Data provided:
◆ ◆ ◆ ◆

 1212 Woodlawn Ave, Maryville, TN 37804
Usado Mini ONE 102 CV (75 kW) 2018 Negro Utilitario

◆ ◆ ◆ ◆

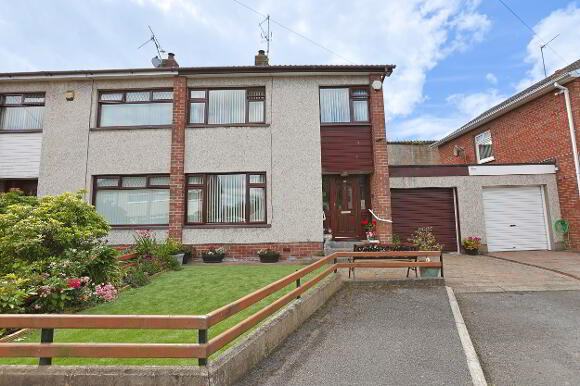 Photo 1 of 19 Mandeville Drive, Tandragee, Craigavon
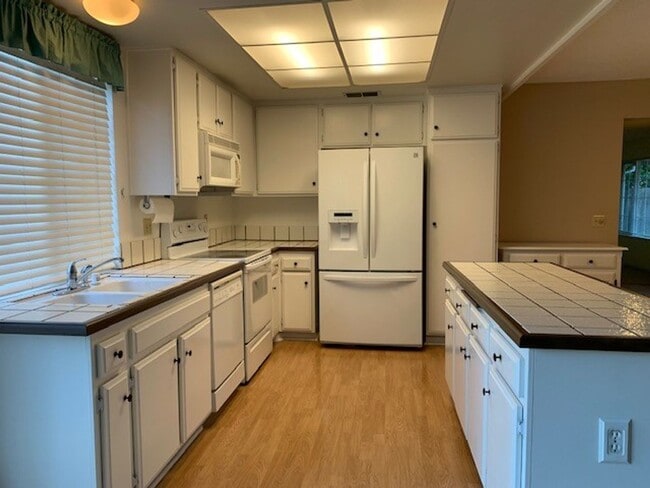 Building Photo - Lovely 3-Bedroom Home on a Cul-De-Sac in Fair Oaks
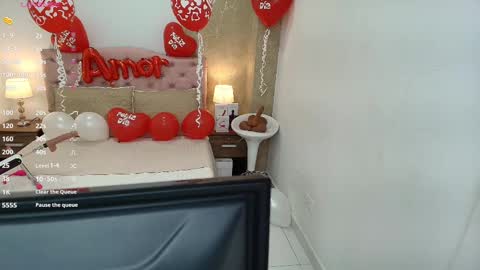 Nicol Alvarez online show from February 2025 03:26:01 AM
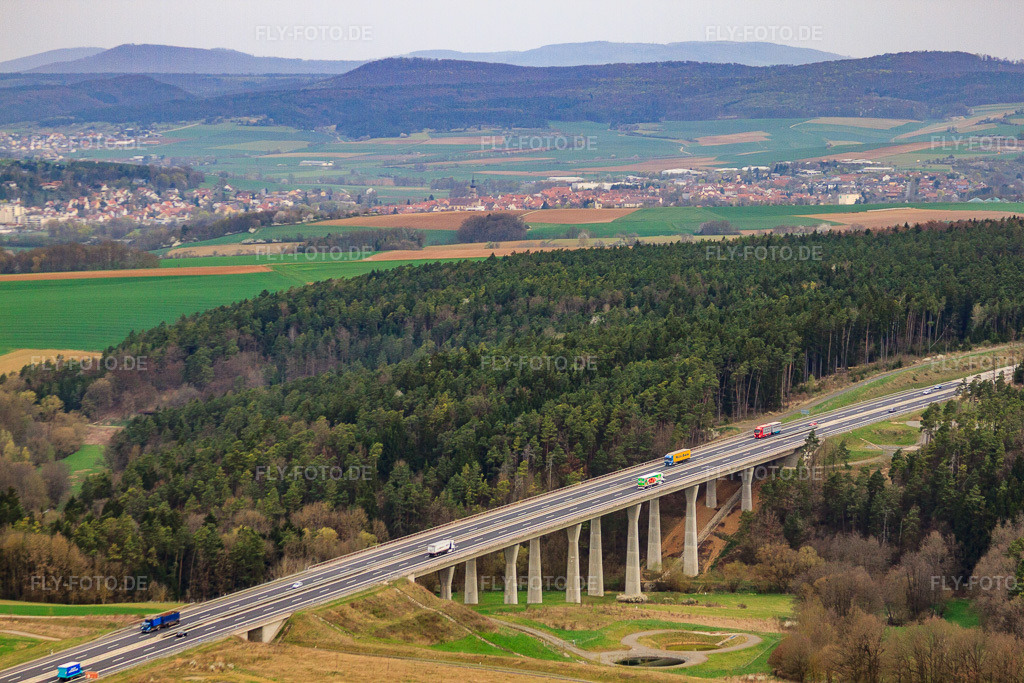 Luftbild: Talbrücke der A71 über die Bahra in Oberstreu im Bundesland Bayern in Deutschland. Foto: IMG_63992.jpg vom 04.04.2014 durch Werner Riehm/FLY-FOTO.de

◆ ◆ ◆ ◆

Among the records above, repeat exactly the line with "1212 Woodlawn Ave, Maryville, TN 37804", the line with "Usado Mini ONE", and every line in between, and only those.

Answer below:
 1212 Woodlawn Ave, Maryville, TN 37804
Usado Mini ONE 102 CV (75 kW) 2018 Negro Utilitario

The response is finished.